↓↓↓

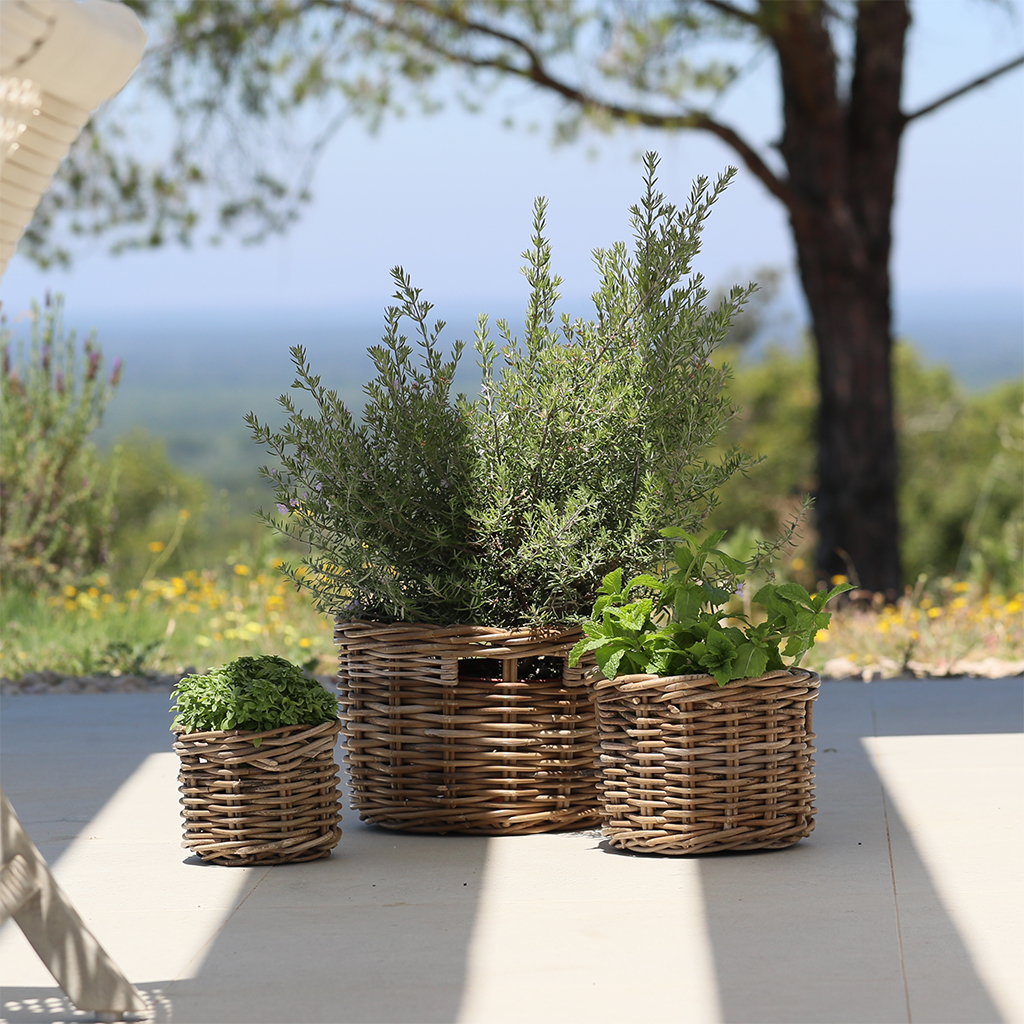 Rattan Korb Grey 3er Set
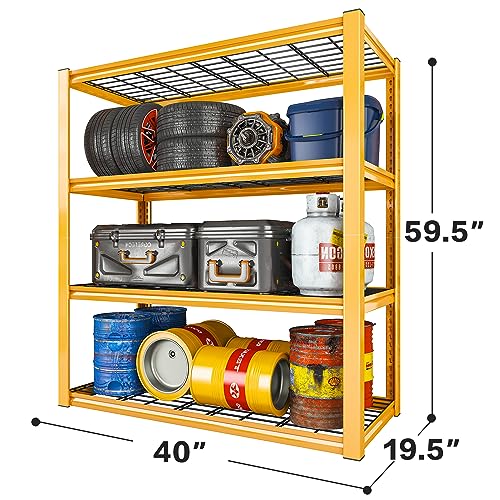 REIBII 40" W Garage Shelving 4-Tier Heavy Duty Adjustable Metal Shelves G342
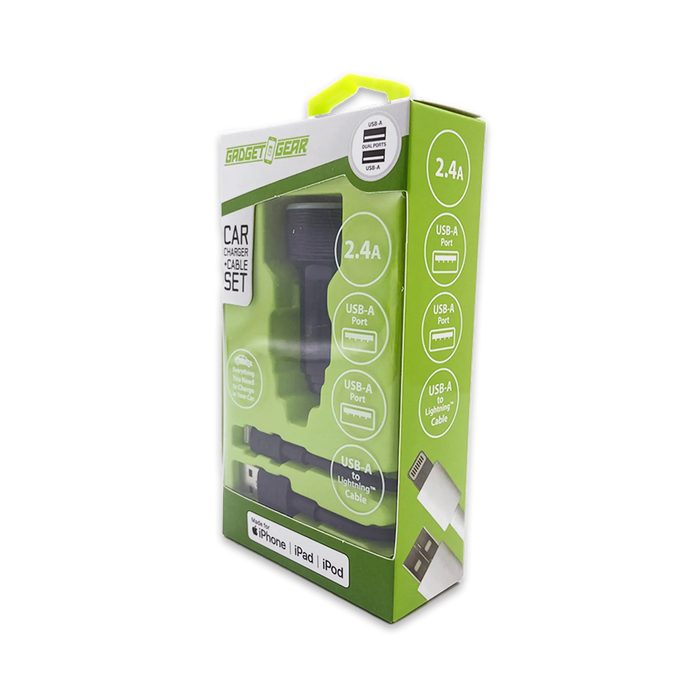 Car Charger Dual USB Ports with USB to Lightning Charging Cable Set - 3 Pieces Per Pack 24620 GADGET GEAR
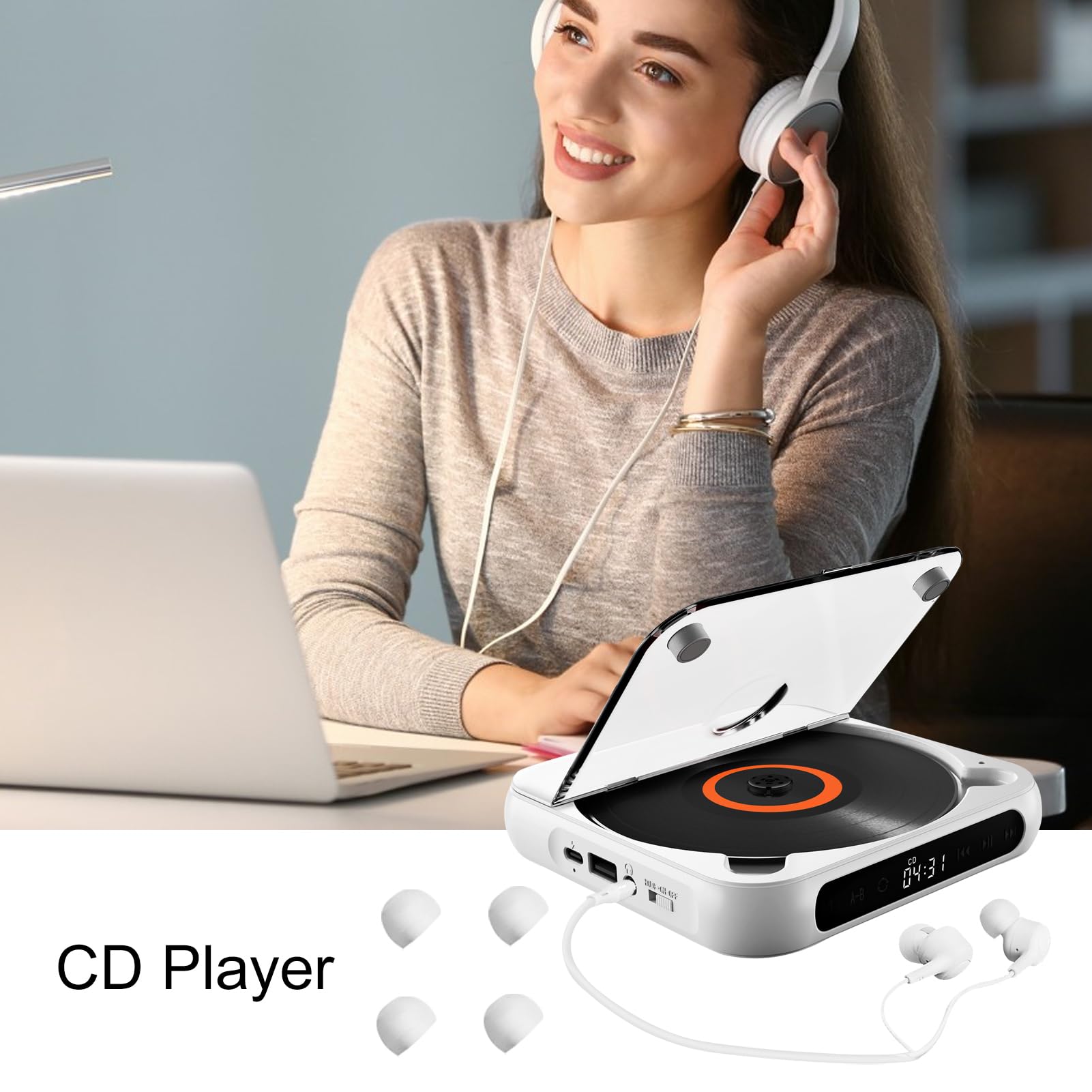 portatile -X - Cuffie 5.3 Discman, lettori personali con funzione | anti-salto, batteria ricaricabile da 2000 mAh | di compact disc per viaggi, casa, apprendimento delle lingue, min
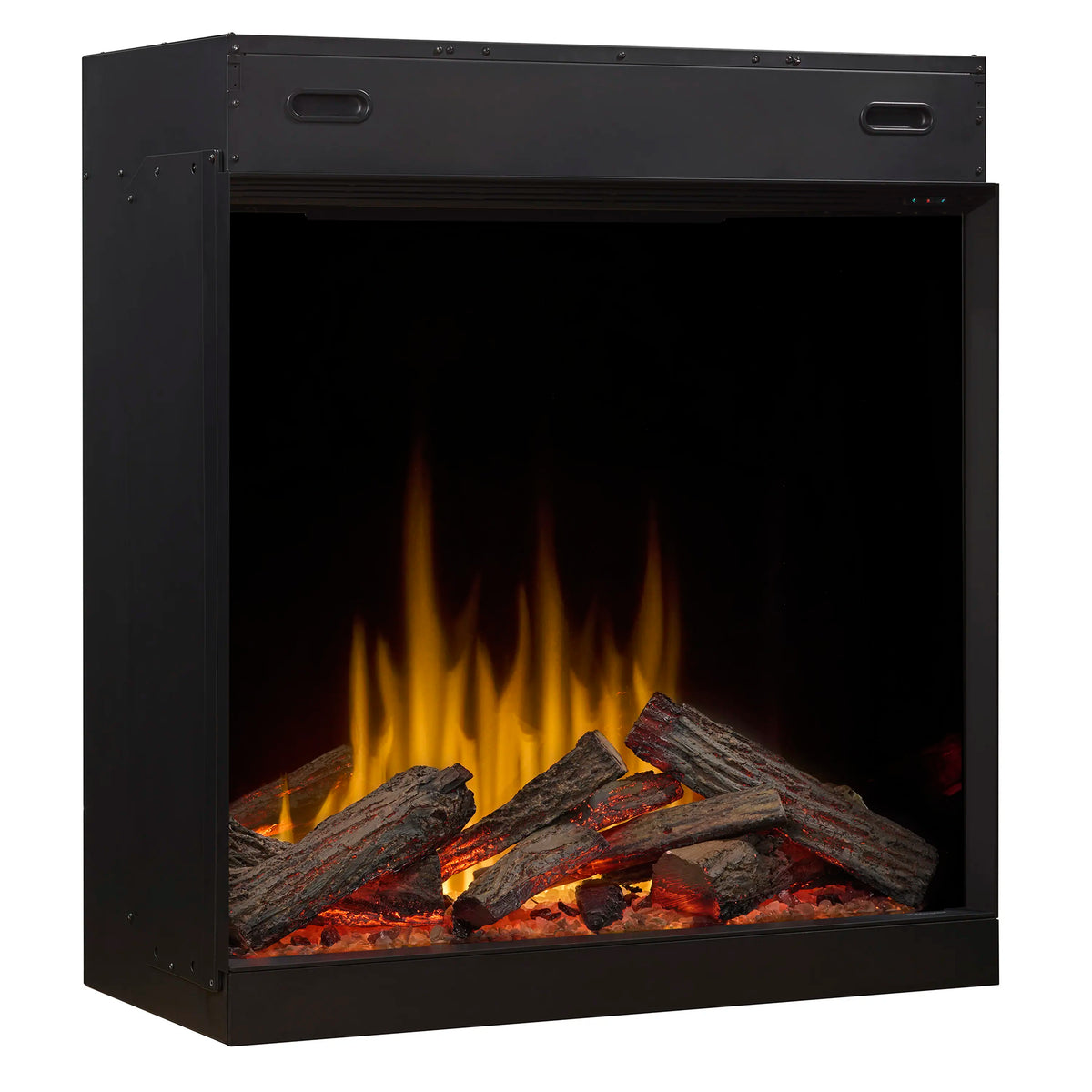 Electric firebox front view with glowing flames and dark wood log pieces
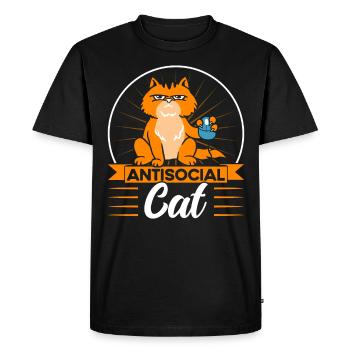 Chats amoureux chats parents chats dictons - T-shirt Premium bio Homme - noir - Devant - Nico (187cm)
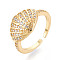 Brass Micro Pave Cubic Zirconia Adjustable Open Cuff Rings for Women, Cadmium Free & Lead Free, Scallop, Real 18K Gold Plated, Adjustable, 12x16mm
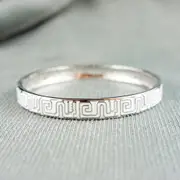 18k white Gold plated enamel bangle bracelet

↑↑↑

» Task objective
The whole listing should be reproduced exactly. Images don't go in.

» Answer to the problem
 Rattan Korb Grey 3er Set
 REIBII 40" W Garage Shelving 4-Tier Heavy Duty Adjustable Metal Shelves G342
 Car Charger Dual USB Ports with USB to Lightning Charging Cable Set - 3 Pieces Per Pack 24620 GADGET GEAR
 portatile -X - Cuffie 5.3 Discman, lettori personali con funzione | anti-salto, batteria ricaricabile da 2000 mAh | di compact disc per viaggi, casa, apprendimento delle lingue, min
 Electric firebox front view with glowing flames and dark wood log pieces
 Chats amoureux chats parents chats dictons - T-shirt Premium bio Homme - noir - Devant - Nico (187cm)
 Brass Micro Pave Cubic Zirconia Adjustable Open Cuff Rings for Women, Cadmium Free & Lead Free, Scallop, Real 18K Gold Plated, Adjustable, 12x16mm
 18k white Gold plated enamel bangle bracelet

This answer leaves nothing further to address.